Monday, May. 24, 1937

San Francisco Marriage

Full of zeal and optimism, in San Francisco ten years ago Methodists of four of the city's biggest churches--Central, California Street, Wesley, Howard Street--sold their properties, pooled $800,000 to form a superchurch which they called Temple Methodist. Their optimism the Methodists expressed by building a 27-story hotel, highest on the Pacific Coast, at Leavenworth & McAllister streets in downtown San Francisco. The William Taylor Hotel, with a cathedral-like, 1,300-seat church concealed in its second, third and fourth floors, would support Temple Church, everyone felt, retire its $1,550,000 in first mortgage bonds at maturity. But more funds were needed and before the hotel was completed in 1930 the Methodists floated a $150,000 second mortgage issue, borrowed $100,000 privately, obtained $534,000 more through mortgages sold to the Methodist home missions board.

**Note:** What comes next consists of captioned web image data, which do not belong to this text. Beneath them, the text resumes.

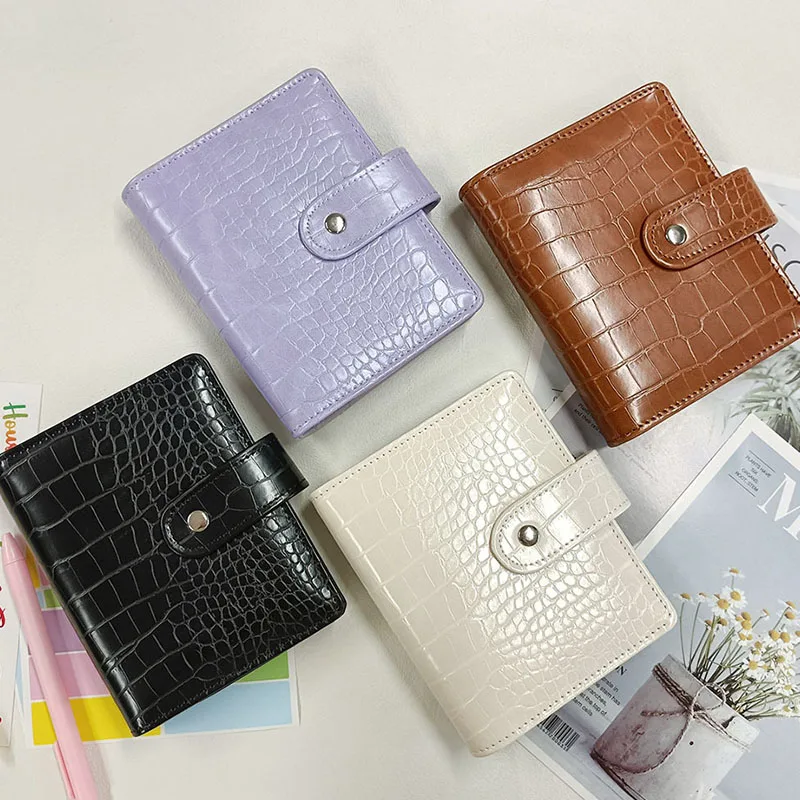 A7 Pu Leather Budget Binder Notebook Cash Envelopes System Set Clip-On Binder Pockets for Money Budget Saving Bill Organizer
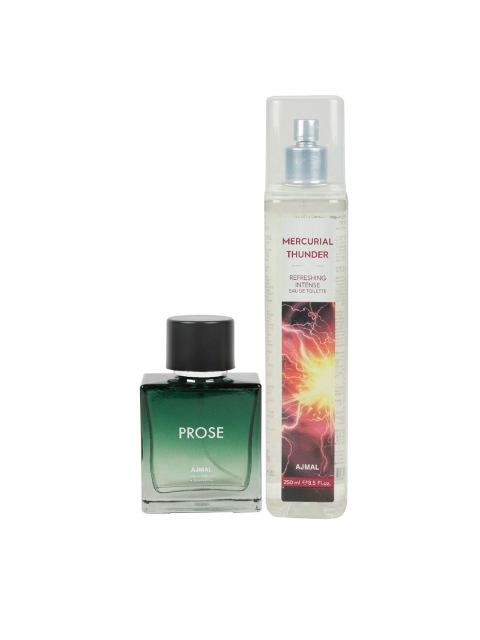 

Ajmal Set of Men Prose EDP & Unisex Mercurial Thunder EDT, Green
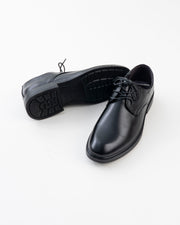 Men's Black Plain-Toe Lace-Up Formal Shoes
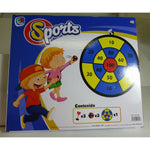 Dartboard mit Klettverschluss-Kugeln Colorbaby Ø 29,5 cm (12 Stück)
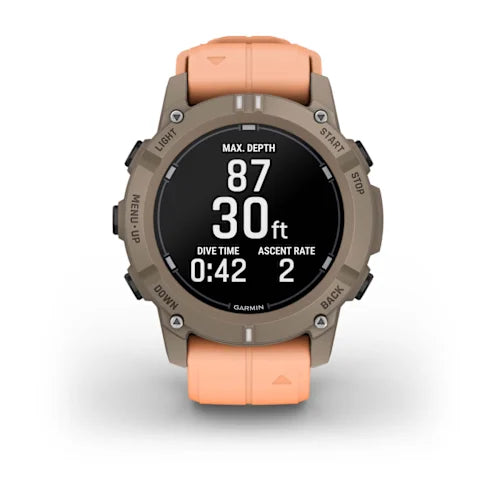 Reloj inteligente y ordenador de buceo solar Garmin Descent G1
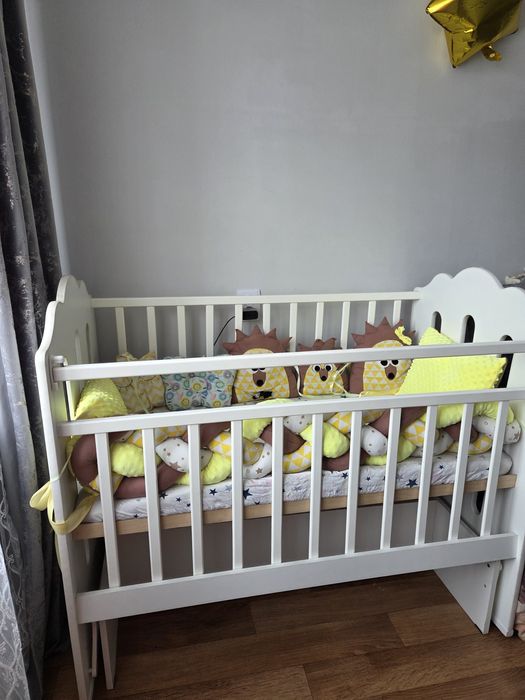 Детская кровать, с матрасом дёшево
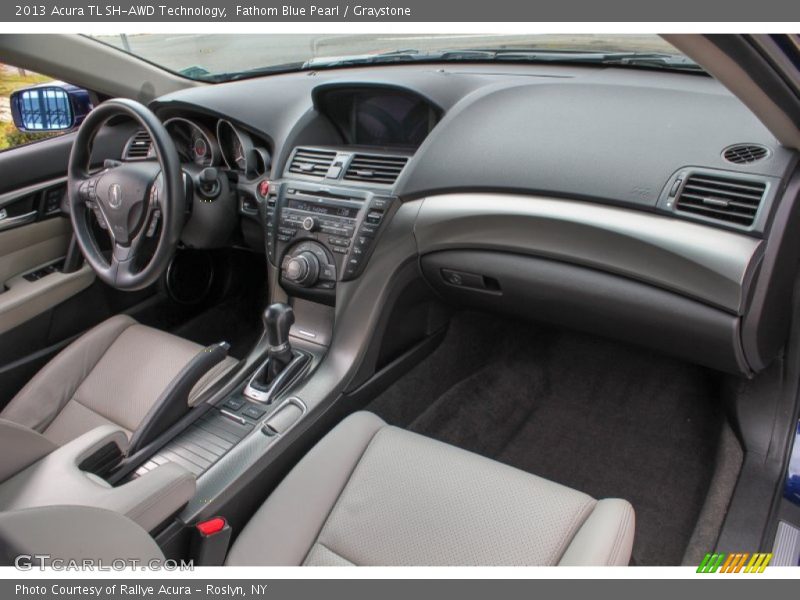 Fathom Blue Pearl / Graystone 2013 Acura TL SH-AWD Technology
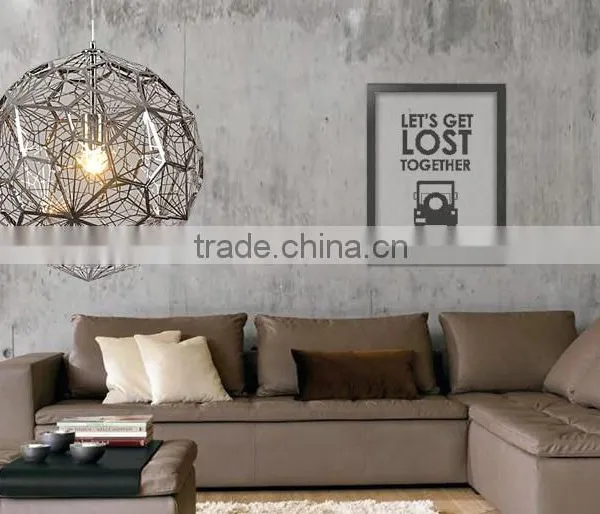 Unique Design Decorative Pendent Light Stainless Steel Ball Pendent Lamp photo-4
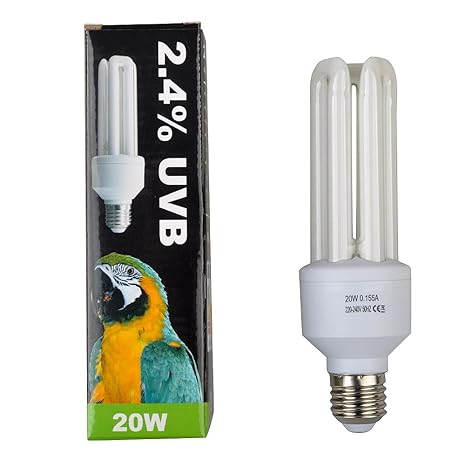 Lucky Etc. Compact Bird Lampe, 2,4% UVB, 20 W, E27 Gewinde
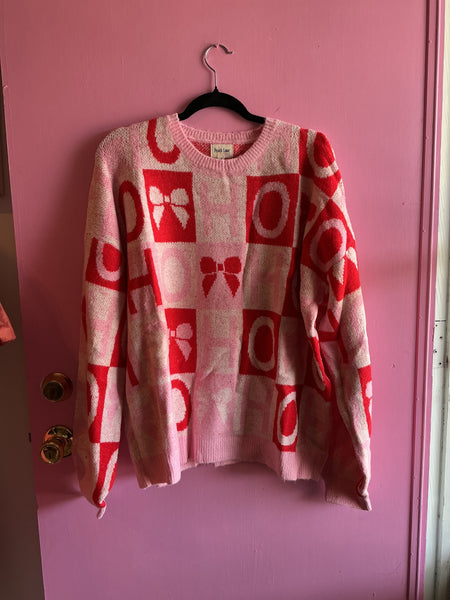 Santa’s Sweetheart Sweater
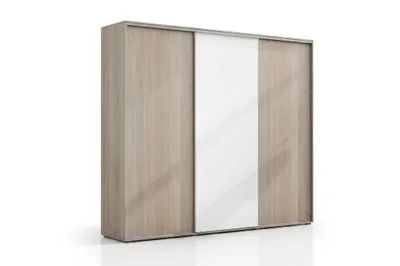 Zdjęcie produktu dla Szafa A24 sonoma/biała, przesuwna - 250 x 62 x 215 cm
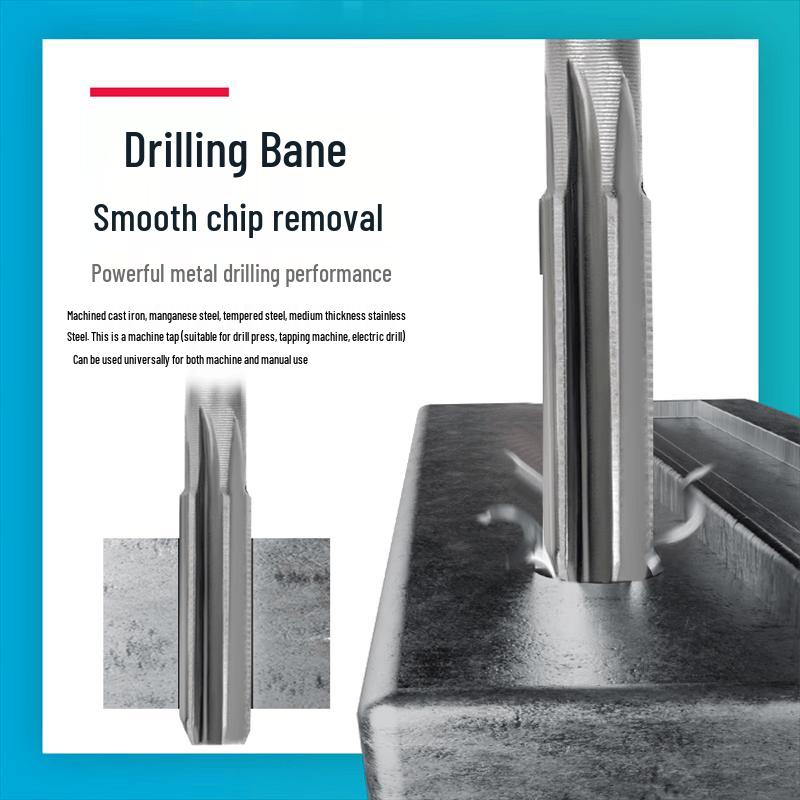High-Speed Steel Straight Shank Reamer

Installed in its fine quarters. Temple Church prospered spiritually, but William Taylor Hotel moved into the red, remained there. For a time the Methodists paid interest charges totaling, $135.000 from their own pockets, then let a $500,000 debt accumulate. A bondholders' protective committee foreclosed, bought in the property last November for $750,000. The Methodists, their investment lost for good, were invited to move out of the hotel, their quarters to be used for more lucrative operations, including a garage. Temple Church was as homeless and penniless as any evicted tenement family, but it had kind neighbors. Temple Emanu-El, San Francisco's largest synagog, offered the use of its building on Sundays. A small Methodist church offered the Templers a place to worship in between regular services. And San Francisco's most vigorous Congregational church made what Temple's pastor called an offer of "marriage." Temple accepted. Last Sunday for the first time Methodists mingled with Congregationalists in First Church (2,500 seats), downtown near the swank St. Francis Hotel.

Good friends are Methodist Dr. Edgar Allan Lowther, who went to Temple in 1931 from a pastorate in Oakland, Calif., and Congregationalist Dr. Jason Noble Pierce, who used to be Calvin Coolidge's pastor in Washington, and was brought to San Francisco in 1933 by a potent Californian, onetime Secretary of the Navy Curtis Dwight Wilbur. Methodist Lowther is tall, hawk-faced, spare, a liberal and a pacifist. Congregationalist Pierce is plump, jolly, a Wartime chaplain (see col. 2), American Legionary and 100% Republican. While Dr. Lowther was struggling to make a go of his hotel-church. Dr. Pierce, who said he "never liked a church without a problem," was engaged in increasing attendance at First Congregational Church, which had slipped during Depression despite the fact that it has San Francisco's oldest tradition: it was organized in 1849 by the official town chaplain and first Protestant missionary, T. Dwight Hunt. What Preachers Lowther and Pierce have most in common is an interest in church unity, heretofore actively expressed by them on the San Francisco Council of Jews and Christians.

The marriage of the two churches--last week officially named the Uniting Downtown Churches, First Congregational and Temple Methodist--involves losing their denominational entities except in the latter's relation with its parent bodies. Their Sunday schools, clubs and the like will be completely merged. Both congregations have left it to the co-pastors to decide how they will share services. Drs. Lowther and Pierce are eager to try joint preaching in the form of a Socratic dialog.